# CNC Sherline Lathe Project



## vlmarshall (Feb 17, 2010)

Well, I've finally managed to get a lathe at home!

To compliment my little Sherline mill, I've paired it with a Sherline lathe, which I'll be converting to a CNC machine.

For now, it's a basic "CNC Ready" lathe (thrust bearings on the leadscrews, and motor mounts already fitted from the factory), a pair of stepper motors, and a pile of goodies.


----------



## vlmarshall (Feb 17, 2010)

One of the first troubles was this crunched power supply. The box arrived via our fine postal service, in a rather sad state. Accordion'ed for most of it's length, no single panel of the box was undamaged, and a rather large hole had been covered by some randomly-applied packing tape. Most of the contents were ok, except for the 48v power supply.

Luckily, there was a lot of crush-space between the chassis and circuit board... I never thought I'd repair a power supply with a hammer...





The supplier, KelingCNC, was ok with my disassembling it and 'repairs', and say they'll replace it if it doesn't work.

I've already smoke-tested it... it works just fine.


----------



## vlmarshall (Feb 17, 2010)

Next up, the cute little toolpost from A2ZCNC. All aluminum and Sherline sized, this QCTP falls somewhere between building my own, and buying that Aloris I've always wanted.


Not happy with the chattery finish on the locking cam and center post, I couldn't resist cleaning up the finish on both.

Before:





After:





The locking lever is next. I should have cleaned up that off-center center hole while I was at it. 

The BOTTOM of this toolpost was not machined, but left as-sawn! It also wasn't square to the dovetails, cleaning it up took almost .020"





While I was facing the 'post body, I skimmed the two non-dovetail sides, as they were both unmachined raw stock finish, and I'll be re-anodizing the body anyway, since almost every edge on the toolpost was not deburred after machining.

Skimming .020" off the bottom of the toolpost caused the tool holders to run out of adjustment when using 1/4" tools, so I skimmed a bit off of the holders, as well.






The slot for the parting tool is not cut straight, and because it's been machined in YET ANOTHER raw-stock surface, the slightly undersize material causes the slot to fade away to almost nothing at one end. Either that or the burr they left on the dovetail side caused the part to sit incorrectly for machining.





Yet another part for the anodizing bath...


----------



## Tin Falcon (Feb 17, 2010)

vernon: nice lathe and a heap of goodies. I am planning on converting my little old Machinex to cnc.
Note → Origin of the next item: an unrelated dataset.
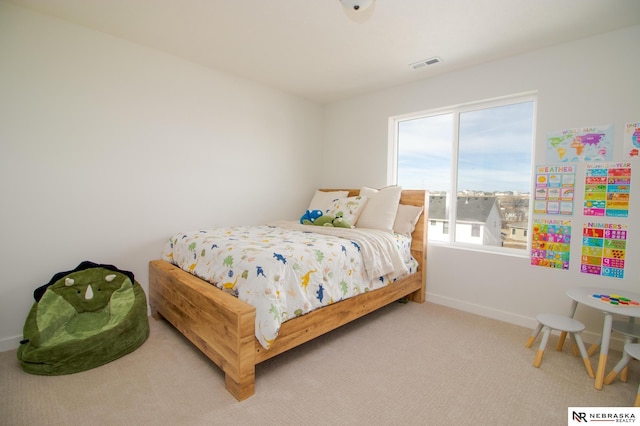 bedroom featuring carpet, visible vents, and baseboards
I do not plan on doing a full build just connector to motos I jut bought . Use the same PS, g540, computer etc that is hooked to the mill. i will have to figure out some sort of quick disconnect for limit switches and a motor connector if and when I hook up spindle control to the 540.
Tin


----------



## zeeprogrammer (Feb 17, 2010)

I didn't see this when I replied in your other thread...not that I'm sorry for what I said ;D.

Excellent Vernon. You're back in business. Sorry for the troubles.
Shipping issues on the PS is one thing...quality of parts (A2Z) is another.
Good to know.

I've often wondered if I should have gone with that kind of system. There's a lot to be said about the breadth of product Sherline offers...as well as the quality. At the time I wasn't even sure if this hobby was for me....and that affected my decisions. (Having said that...I'm very happy with my decisions...for one thing...I'm enjoying the heck out of this hobby and this forum.)

Hm...wait...I remember you...this calls for a shout.


----------



## ksouers (Feb 17, 2010)

Vernon,
Congrats on the new Sherline. You already know they are great little machines.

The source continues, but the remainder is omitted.